THE TASK: What you write must match, character for character, the lines from the one with "4004 LONGWOOD DR, Fredericksburg, VA 22408" down to the one with "Appartement à SAINT-MAUR-DES-FOSSES" in the listing below, minus its pictures.

SOURCE MATERIAL:
Segment Open
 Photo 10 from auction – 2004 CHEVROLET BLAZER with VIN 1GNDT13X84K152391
Segment Closed
Segment Open
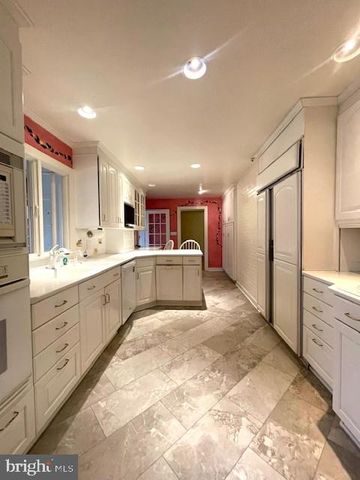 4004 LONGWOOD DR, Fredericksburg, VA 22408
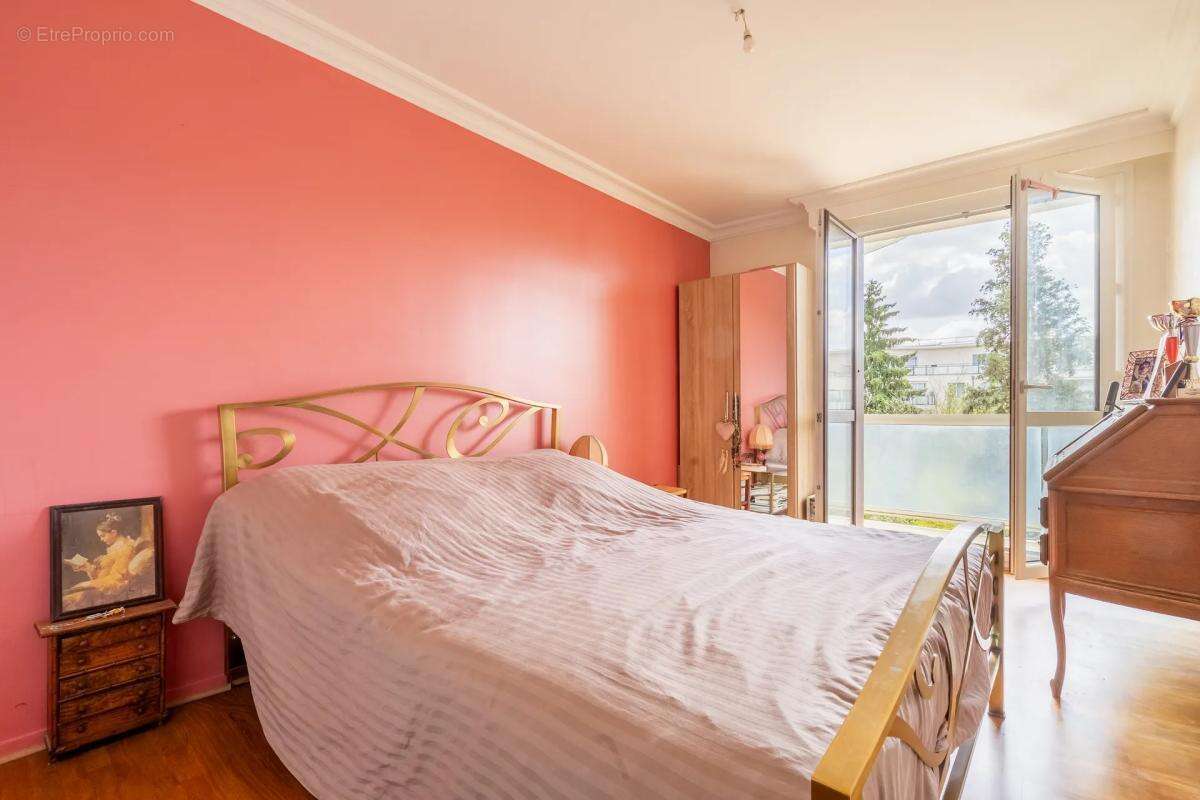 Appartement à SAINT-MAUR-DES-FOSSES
Segment Closed
Segment Open
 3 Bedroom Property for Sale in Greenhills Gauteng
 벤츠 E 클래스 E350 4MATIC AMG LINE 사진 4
Segment Closed
PROBLEM SOLUTION:
 4004 LONGWOOD DR, Fredericksburg, VA 22408
 Appartement à SAINT-MAUR-DES-FOSSES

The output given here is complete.